Could you write out the opening lines of the data, word for word, stopping after the line that contains "The Cliff and River Jungle Resort"?

:: Source records ::
---

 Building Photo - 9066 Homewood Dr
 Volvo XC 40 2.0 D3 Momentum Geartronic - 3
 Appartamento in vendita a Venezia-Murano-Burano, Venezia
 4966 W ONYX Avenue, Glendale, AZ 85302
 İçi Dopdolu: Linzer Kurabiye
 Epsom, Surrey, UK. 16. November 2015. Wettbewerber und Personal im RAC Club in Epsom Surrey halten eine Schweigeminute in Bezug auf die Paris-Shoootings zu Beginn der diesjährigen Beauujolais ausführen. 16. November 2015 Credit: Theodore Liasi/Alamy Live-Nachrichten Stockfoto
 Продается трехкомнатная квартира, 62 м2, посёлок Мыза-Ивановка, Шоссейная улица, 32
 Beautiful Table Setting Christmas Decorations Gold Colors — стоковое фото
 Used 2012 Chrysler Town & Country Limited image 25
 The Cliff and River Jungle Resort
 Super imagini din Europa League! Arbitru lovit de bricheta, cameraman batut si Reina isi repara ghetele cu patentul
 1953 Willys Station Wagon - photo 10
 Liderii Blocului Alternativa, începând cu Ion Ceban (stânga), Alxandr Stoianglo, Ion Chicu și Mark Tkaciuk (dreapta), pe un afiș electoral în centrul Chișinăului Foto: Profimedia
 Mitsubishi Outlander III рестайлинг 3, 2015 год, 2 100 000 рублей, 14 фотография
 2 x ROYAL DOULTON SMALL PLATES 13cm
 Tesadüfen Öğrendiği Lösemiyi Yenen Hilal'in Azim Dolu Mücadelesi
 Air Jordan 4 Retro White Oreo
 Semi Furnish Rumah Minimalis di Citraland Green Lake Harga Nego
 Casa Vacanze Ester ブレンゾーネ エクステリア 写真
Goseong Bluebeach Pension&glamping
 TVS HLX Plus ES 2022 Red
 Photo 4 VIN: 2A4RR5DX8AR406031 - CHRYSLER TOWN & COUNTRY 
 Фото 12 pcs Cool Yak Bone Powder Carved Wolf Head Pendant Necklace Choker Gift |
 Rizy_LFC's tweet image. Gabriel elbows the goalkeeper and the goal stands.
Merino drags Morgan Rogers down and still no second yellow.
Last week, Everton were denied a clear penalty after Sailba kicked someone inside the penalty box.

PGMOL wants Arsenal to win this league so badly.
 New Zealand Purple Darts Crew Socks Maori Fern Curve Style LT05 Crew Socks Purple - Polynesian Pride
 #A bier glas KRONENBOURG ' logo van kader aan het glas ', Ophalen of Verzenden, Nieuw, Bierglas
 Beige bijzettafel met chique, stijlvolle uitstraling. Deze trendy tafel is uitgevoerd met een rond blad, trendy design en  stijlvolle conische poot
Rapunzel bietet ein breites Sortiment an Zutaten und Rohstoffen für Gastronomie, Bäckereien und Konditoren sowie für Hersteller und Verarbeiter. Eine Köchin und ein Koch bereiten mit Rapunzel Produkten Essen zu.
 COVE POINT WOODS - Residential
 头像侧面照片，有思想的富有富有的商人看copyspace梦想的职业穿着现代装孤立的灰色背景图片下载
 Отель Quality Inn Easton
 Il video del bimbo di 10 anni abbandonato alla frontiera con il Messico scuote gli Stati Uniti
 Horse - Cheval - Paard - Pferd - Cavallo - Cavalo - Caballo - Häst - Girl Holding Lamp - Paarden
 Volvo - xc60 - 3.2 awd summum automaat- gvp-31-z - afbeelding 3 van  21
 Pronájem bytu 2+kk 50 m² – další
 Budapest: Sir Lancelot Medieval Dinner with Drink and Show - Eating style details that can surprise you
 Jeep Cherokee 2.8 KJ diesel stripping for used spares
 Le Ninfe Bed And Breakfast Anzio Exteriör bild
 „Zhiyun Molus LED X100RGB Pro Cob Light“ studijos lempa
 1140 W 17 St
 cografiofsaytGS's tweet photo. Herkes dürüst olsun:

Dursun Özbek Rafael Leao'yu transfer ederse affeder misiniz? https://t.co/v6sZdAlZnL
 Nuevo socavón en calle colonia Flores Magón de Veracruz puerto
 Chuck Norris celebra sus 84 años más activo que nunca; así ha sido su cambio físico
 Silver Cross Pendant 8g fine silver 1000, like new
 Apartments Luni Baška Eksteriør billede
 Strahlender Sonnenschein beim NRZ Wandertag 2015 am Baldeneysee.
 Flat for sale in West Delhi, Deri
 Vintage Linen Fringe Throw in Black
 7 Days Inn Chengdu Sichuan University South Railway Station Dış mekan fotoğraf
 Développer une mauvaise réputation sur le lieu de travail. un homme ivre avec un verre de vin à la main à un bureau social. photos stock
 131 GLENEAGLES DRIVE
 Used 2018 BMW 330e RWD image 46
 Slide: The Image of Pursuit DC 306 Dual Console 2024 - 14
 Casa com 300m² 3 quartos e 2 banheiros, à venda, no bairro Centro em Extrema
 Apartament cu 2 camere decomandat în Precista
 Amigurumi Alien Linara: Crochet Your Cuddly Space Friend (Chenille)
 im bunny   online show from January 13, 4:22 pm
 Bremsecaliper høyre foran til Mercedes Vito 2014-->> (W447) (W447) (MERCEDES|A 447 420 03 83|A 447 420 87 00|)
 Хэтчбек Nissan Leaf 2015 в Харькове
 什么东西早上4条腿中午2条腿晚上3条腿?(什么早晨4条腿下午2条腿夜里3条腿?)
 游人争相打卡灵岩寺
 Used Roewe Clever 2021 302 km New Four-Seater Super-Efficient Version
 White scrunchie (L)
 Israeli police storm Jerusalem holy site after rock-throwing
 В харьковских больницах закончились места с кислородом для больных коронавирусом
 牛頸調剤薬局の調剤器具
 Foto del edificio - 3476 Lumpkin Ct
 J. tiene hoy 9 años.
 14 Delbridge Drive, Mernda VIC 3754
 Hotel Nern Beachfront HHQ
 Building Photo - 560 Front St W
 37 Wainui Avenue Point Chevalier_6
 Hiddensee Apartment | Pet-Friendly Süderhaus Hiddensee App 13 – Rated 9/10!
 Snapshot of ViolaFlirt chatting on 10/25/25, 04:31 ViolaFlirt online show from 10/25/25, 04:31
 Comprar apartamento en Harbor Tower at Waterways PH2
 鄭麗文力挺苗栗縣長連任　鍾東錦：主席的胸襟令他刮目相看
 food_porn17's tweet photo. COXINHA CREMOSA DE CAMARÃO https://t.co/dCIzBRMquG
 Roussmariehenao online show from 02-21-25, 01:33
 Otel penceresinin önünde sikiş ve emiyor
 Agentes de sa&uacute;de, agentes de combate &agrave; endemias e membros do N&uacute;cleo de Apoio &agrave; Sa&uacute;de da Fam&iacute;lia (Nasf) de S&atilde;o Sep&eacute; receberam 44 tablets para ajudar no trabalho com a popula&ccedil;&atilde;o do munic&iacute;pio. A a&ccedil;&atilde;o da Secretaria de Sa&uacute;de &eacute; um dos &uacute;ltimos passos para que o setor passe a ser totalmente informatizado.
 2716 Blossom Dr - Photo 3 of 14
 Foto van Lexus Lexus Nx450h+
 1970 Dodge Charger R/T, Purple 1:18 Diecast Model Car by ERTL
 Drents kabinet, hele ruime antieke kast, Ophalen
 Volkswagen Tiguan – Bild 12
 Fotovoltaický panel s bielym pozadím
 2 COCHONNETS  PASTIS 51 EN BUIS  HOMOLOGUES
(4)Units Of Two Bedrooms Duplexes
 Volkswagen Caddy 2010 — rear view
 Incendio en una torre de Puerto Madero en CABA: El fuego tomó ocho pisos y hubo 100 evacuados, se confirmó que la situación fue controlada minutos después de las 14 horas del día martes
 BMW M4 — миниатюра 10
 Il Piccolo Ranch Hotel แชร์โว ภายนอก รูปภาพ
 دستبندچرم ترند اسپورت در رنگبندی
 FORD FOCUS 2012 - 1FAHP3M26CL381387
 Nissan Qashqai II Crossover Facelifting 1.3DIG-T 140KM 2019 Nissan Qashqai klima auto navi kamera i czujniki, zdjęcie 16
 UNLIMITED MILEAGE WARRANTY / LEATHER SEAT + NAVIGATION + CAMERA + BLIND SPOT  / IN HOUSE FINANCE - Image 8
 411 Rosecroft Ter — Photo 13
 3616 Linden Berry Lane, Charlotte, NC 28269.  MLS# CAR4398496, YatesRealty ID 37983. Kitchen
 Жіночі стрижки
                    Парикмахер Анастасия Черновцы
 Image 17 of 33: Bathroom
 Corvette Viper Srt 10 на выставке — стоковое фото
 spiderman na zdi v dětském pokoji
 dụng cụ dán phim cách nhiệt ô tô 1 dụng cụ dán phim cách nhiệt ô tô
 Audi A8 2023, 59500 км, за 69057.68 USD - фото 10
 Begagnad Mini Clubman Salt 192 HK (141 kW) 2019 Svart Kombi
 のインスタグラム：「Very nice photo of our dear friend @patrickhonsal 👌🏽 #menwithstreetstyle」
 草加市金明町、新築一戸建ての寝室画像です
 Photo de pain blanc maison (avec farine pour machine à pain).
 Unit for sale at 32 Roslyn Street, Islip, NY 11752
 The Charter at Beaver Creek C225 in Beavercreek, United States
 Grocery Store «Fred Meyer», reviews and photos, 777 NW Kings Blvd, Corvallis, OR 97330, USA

---

:: Reply ::
 Building Photo - 9066 Homewood Dr
 Volvo XC 40 2.0 D3 Momentum Geartronic - 3
 Appartamento in vendita a Venezia-Murano-Burano, Venezia
 4966 W ONYX Avenue, Glendale, AZ 85302
 İçi Dopdolu: Linzer Kurabiye
 Epsom, Surrey, UK. 16. November 2015. Wettbewerber und Personal im RAC Club in Epsom Surrey halten eine Schweigeminute in Bezug auf die Paris-Shoootings zu Beginn der diesjährigen Beauujolais ausführen. 16. November 2015 Credit: Theodore Liasi/Alamy Live-Nachrichten Stockfoto
 Продается трехкомнатная квартира, 62 м2, посёлок Мыза-Ивановка, Шоссейная улица, 32
 Beautiful Table Setting Christmas Decorations Gold Colors — стоковое фото
 Used 2012 Chrysler Town & Country Limited image 25
 The Cliff and River Jungle Resort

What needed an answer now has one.